‘When We Were Happy We Had Other Names’ by Yiyun Li

When We Were Happy We Had Other Names by Yiyun Li, 2018

The magic trick:

Building the protagonist’s feelings of grief through a web of other pain and loss

Y is for Yiyun.

This one reminds me a little bit of “My Father’s Friends” by William Maxwell. In it, our narrator processes his father’s death through visits with some of his father’s friends. They refract the light back onto his own feelings for and understanding of his father.
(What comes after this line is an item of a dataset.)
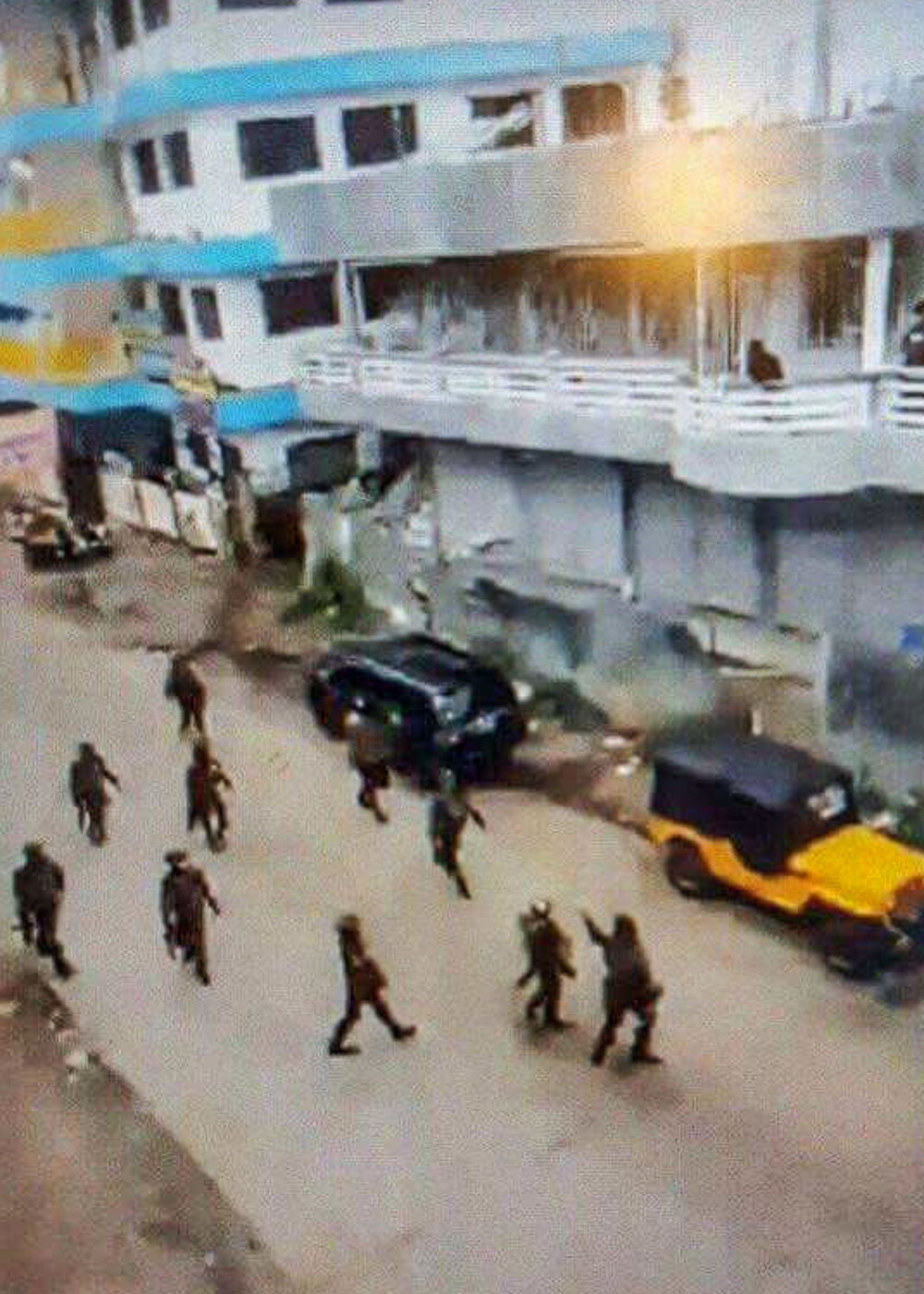 nhom noi day o Philippines anh 1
Here, Li does something similar. A middle-aged mother processes her teenage son’s death by creating a spreadsheet of people she’s known in her life who have died. The exercise leads her down several memory rabbit holes. Her grief leads to a more nuanced, more felt emotion for her late grandfather, which in turn helps her better grieve for her son.
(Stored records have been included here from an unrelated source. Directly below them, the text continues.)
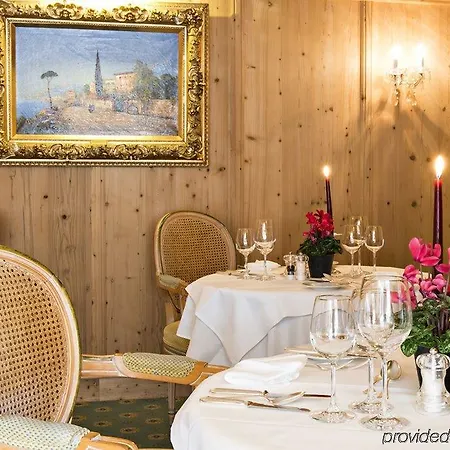 Quadratscha Alpenhotel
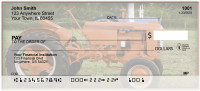 1950's Farm Tractors Personal Checks | BAH-27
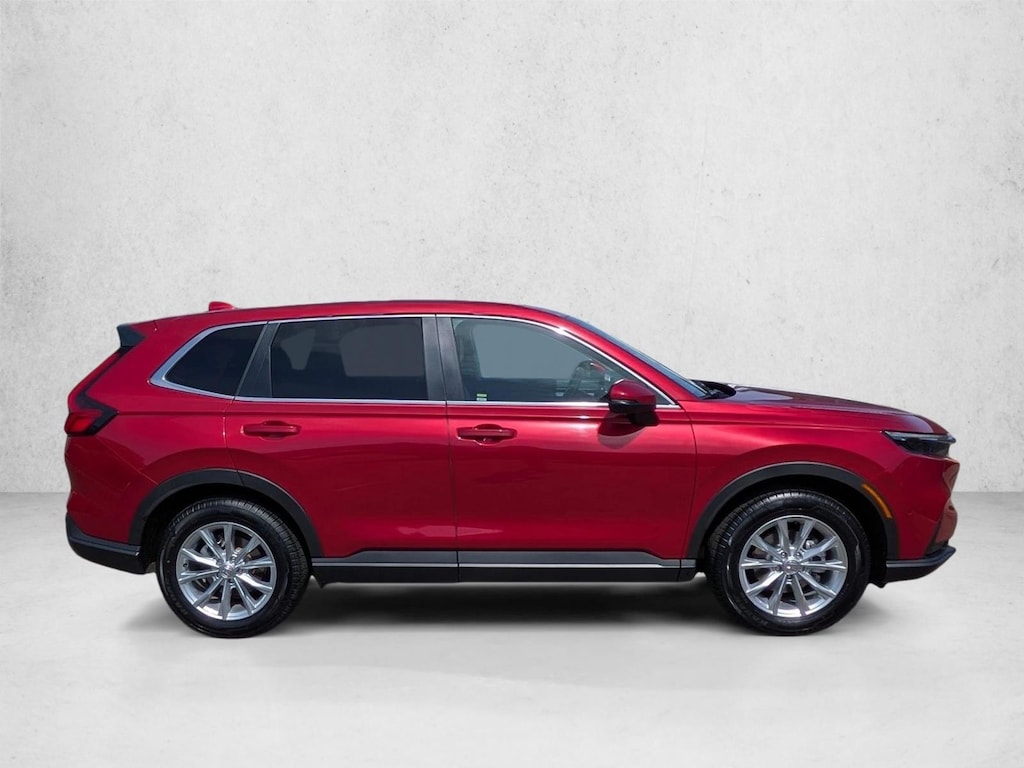 Certified 2024 Honda CR-V EX SUV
Like the Maxwell story, we see death as a web of connections and emotions.

And that’s quite a trick on Li’s part.

The selection:

All things had seemed in order under that scholar tree. Jiayu was an ordinary child, easily contented; her grandfather, a man with a well-lived life. Life was supposed to be like that, each generation reaching a gracious end when it was their turn. Yet this order, disturbed by Evan’s death, made Jiayu uneasy. If she had taken it for granted that Evan would lead a long and happy life, like her grandfather, could she not have made similar mistakes in blindly taking everything for granted?